LOVISAS é difícil, né?

acho que é a coisa mais bem acabada que já escrevi... bem trabalhei muito. um amigo meu do Orkut, o Felipe Stephani, leu durante vários dias e disse que tinha ficado estimulado... eu acreditei, apesar de ser difícil... fiquei admirado do fôlego dele !

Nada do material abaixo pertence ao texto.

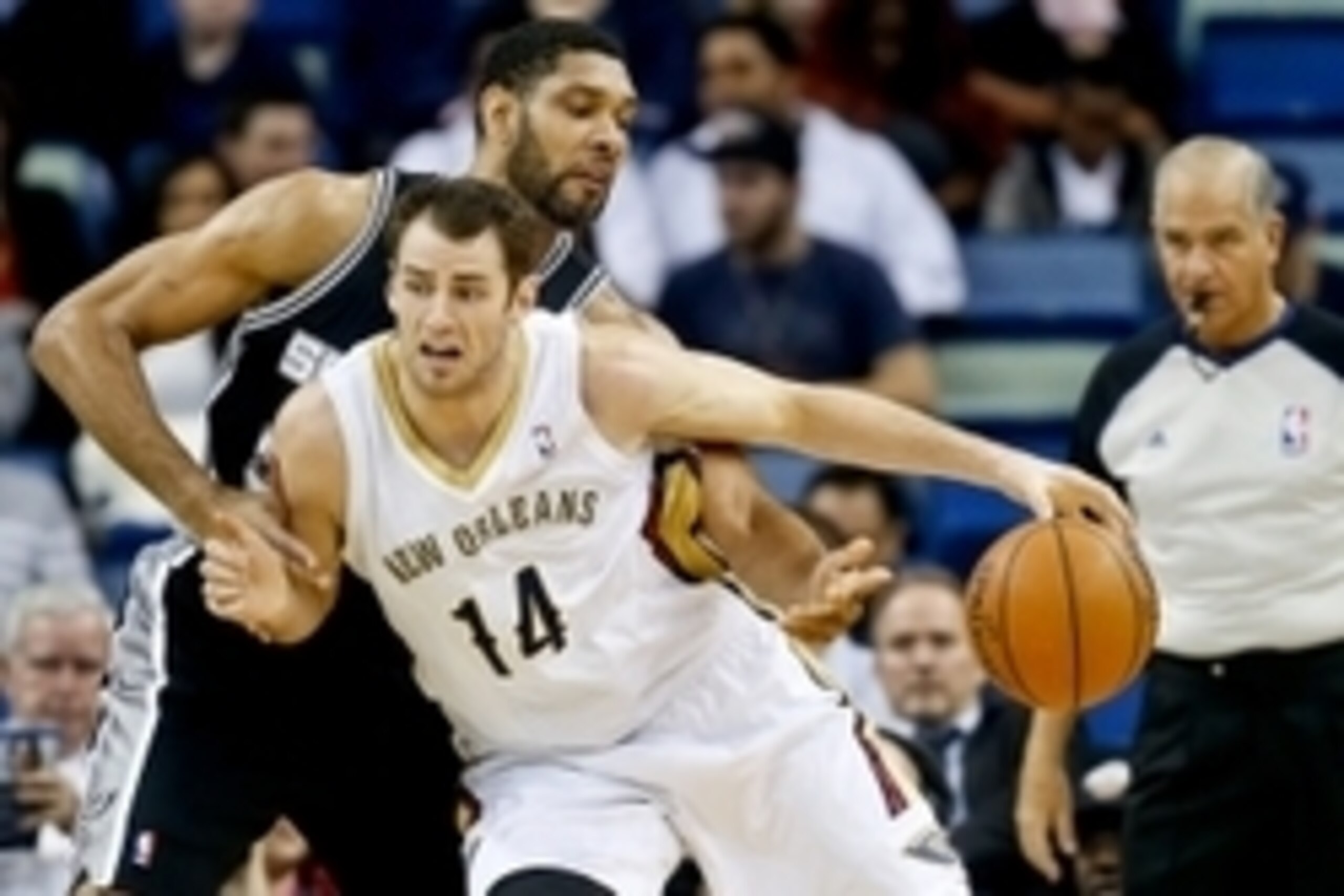 Jan 13, 2014; New Orleans, LA, USA; New Orleans Pelicans center Jason Smith (14) is guarded by San Antonio Spurs power forward Tim Duncan (21) during the first quarter of a game at the New Orleans Arena. Mandatory Credit: Derick E. Hingle-USA TODAY Sports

... é que LOVISAS, nos últimos poemas é quase minha vida...
M.M.M.
Sim, houve trabalho. Por isso falei e sempre falo em escultura quando trato de LOVISAS.

R.P.
homens duplos?
M.M.M.
Sim, homens duplos. ´ex-Pierrot le Fou, atual JE M'APPELE FERDINAND´

R.P.
obrigado pelo conselho de ver o que tenho e o que não tenho a ver com os personagens... talvez isso ajude porque, na escrita, BRUCTUm está parados há umas três semanas... aí ontem veio... estava com saudade de quando era doce, no blog...
mas, Marco querido, você fala de LUZ. você é incrível ( sabes que acho... falo agora de tua " inteligência artística "... para nosso amigo em comum. sabe que a LUZ é um dos personagens, do narrador, de BRUCTUM? é sim...materialmente, às vezes é citada como a luz do ônibus... um pensamento da Luz do ônibus que passa... para o qual o cantor que canta para o corpo atropelado olha...

M.M.M.
E eu digo com sinceridade que eu realmente vi esta luz na sua descrição e agora lendo o capítulo tudo se torna ainda mais claro, literalmente. Pois você manifesta certa dualidade dela, tanto matéria como substância. Um pensamento da luz do ônibus e o próprio físico encontrado e rebatido nos corpos, seja o vidro e a refração ou a pele, os tecidos.

R.P.
Parado vê LUZ RÀPIDA DE ÔNIBUS. A janela sugere campo aberto no rastro da paisagem. Quando parte. Se fotografado e exposta a fotografia,você verá, nas fotos...
...o rapaz com a mochila e eu na contemplação. Calados . Efetivos . Sentados, dentro do ônibus. Na viagem.
O ônibus que parara por alguns segundos. E o rapaz fez seu boné descansar em suas coxas.
Demorei a olhar para a frente.
Tinha aberto a janela com as mãos e com dificuldade. Quase passei por cima do rapaz de boné. Suas pernas compridas. Eu me inclinava , à janela, e quase estava sobre ele.
Cara quase para fora, mas não ia gritar...deveria? Deveria descer, enfrentar, aguentar ao seu lado! Todo mundo no Rio grita. Mas não gritei, olhei para trás.
Lírio ia em direção a Franconádio, deu para ver. Enquanto o ônibus seguia. depois sentei, olhei para o rapaz, em relance demorado. E disse que ele cantava. O rapaz pressionou os lábios, e junto com o balançar do ônibus, fez um sinal de reconhecimento que eu não sabia se era por Franconádio cantar ou pelo corpo estendido no asfalto. Deveria ter perguntado, mas isso é ridículo, acho agora. Só disse onde o piano-bar em que cantava ficava. Ele abriu os olhos como se se inteirasse de uma novidade
M.M.M.
Você percebe como o outro capítulo possui uma coisa fotográfica ? Ele não é estático, mas traz justamente alguma certa idéia de silêncio. Se sabe que há movimentos, sons e grandes movimentos e grandes sons, porém um outro ritmo existe, algo que passa ´ao lado´. As dúvidas trazem um pouco desta sensação, ´deveria descer´, ´deveria perguntar´, os devires e os deveres de personagens que parecem posar, mas não estão parados, o mundo ao contrário parece cada vez mais urgente, mais atual.